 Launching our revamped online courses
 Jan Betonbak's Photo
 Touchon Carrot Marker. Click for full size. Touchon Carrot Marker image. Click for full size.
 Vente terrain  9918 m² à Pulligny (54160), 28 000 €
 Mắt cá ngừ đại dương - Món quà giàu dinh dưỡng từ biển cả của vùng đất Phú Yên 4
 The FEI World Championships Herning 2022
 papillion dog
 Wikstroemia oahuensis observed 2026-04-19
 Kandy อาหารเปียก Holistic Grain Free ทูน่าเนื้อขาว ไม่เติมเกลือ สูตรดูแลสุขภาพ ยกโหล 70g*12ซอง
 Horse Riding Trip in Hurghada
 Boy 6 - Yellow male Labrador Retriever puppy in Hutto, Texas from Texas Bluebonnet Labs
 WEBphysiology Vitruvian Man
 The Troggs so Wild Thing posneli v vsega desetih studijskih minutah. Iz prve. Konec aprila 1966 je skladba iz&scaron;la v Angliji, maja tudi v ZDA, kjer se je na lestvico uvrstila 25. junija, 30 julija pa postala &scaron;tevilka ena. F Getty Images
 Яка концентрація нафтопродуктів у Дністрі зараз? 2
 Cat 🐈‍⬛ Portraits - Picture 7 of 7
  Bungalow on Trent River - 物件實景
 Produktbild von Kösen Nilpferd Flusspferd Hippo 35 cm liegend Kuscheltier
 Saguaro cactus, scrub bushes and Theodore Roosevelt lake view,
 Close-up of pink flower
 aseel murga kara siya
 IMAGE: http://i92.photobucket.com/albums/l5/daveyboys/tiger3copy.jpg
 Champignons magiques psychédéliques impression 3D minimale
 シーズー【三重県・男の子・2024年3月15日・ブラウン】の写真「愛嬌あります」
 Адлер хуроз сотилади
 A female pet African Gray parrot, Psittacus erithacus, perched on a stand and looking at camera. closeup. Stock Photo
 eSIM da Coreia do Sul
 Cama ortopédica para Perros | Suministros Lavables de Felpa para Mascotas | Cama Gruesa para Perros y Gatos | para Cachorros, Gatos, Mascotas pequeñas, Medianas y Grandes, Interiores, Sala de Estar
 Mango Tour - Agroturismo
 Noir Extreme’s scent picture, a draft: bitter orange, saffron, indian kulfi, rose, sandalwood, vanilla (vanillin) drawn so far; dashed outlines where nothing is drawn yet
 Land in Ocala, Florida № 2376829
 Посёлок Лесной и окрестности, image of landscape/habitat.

◆ **WHAT YOU WILL DO**:
Transcribe the data exactly.

◆ **SOLUTION FOR THIS PROBLEM**:
 Launching our revamped online courses
 Jan Betonbak's Photo
 Touchon Carrot Marker. Click for full size. Touchon Carrot Marker image. Click for full size.
 Vente terrain  9918 m² à Pulligny (54160), 28 000 €
 Mắt cá ngừ đại dương - Món quà giàu dinh dưỡng từ biển cả của vùng đất Phú Yên 4
 The FEI World Championships Herning 2022
 papillion dog
 Wikstroemia oahuensis observed 2026-04-19
 Kandy อาหารเปียก Holistic Grain Free ทูน่าเนื้อขาว ไม่เติมเกลือ สูตรดูแลสุขภาพ ยกโหล 70g*12ซอง
 Horse Riding Trip in Hurghada
 Boy 6 - Yellow male Labrador Retriever puppy in Hutto, Texas from Texas Bluebonnet Labs
 WEBphysiology Vitruvian Man
 The Troggs so Wild Thing posneli v vsega desetih studijskih minutah. Iz prve. Konec aprila 1966 je skladba iz&scaron;la v Angliji, maja tudi v ZDA, kjer se je na lestvico uvrstila 25. junija, 30 julija pa postala &scaron;tevilka ena. F Getty Images
 Яка концентрація нафтопродуктів у Дністрі зараз? 2
 Cat 🐈‍⬛ Portraits - Picture 7 of 7
  Bungalow on Trent River - 物件實景
 Produktbild von Kösen Nilpferd Flusspferd Hippo 35 cm liegend Kuscheltier
 Saguaro cactus, scrub bushes and Theodore Roosevelt lake view,
 Close-up of pink flower
 aseel murga kara siya
 IMAGE: http://i92.photobucket.com/albums/l5/daveyboys/tiger3copy.jpg
 Champignons magiques psychédéliques impression 3D minimale
 シーズー【三重県・男の子・2024年3月15日・ブラウン】の写真「愛嬌あります」
 Адлер хуроз сотилади
 A female pet African Gray parrot, Psittacus erithacus, perched on a stand and looking at camera. closeup. Stock Photo
 eSIM da Coreia do Sul
 Cama ortopédica para Perros | Suministros Lavables de Felpa para Mascotas | Cama Gruesa para Perros y Gatos | para Cachorros, Gatos, Mascotas pequeñas, Medianas y Grandes, Interiores, Sala de Estar
 Mango Tour - Agroturismo
 Noir Extreme’s scent picture, a draft: bitter orange, saffron, indian kulfi, rose, sandalwood, vanilla (vanillin) drawn so far; dashed outlines where nothing is drawn yet
 Land in Ocala, Florida № 2376829
 Посёлок Лесной и окрестности, image of landscape/habitat.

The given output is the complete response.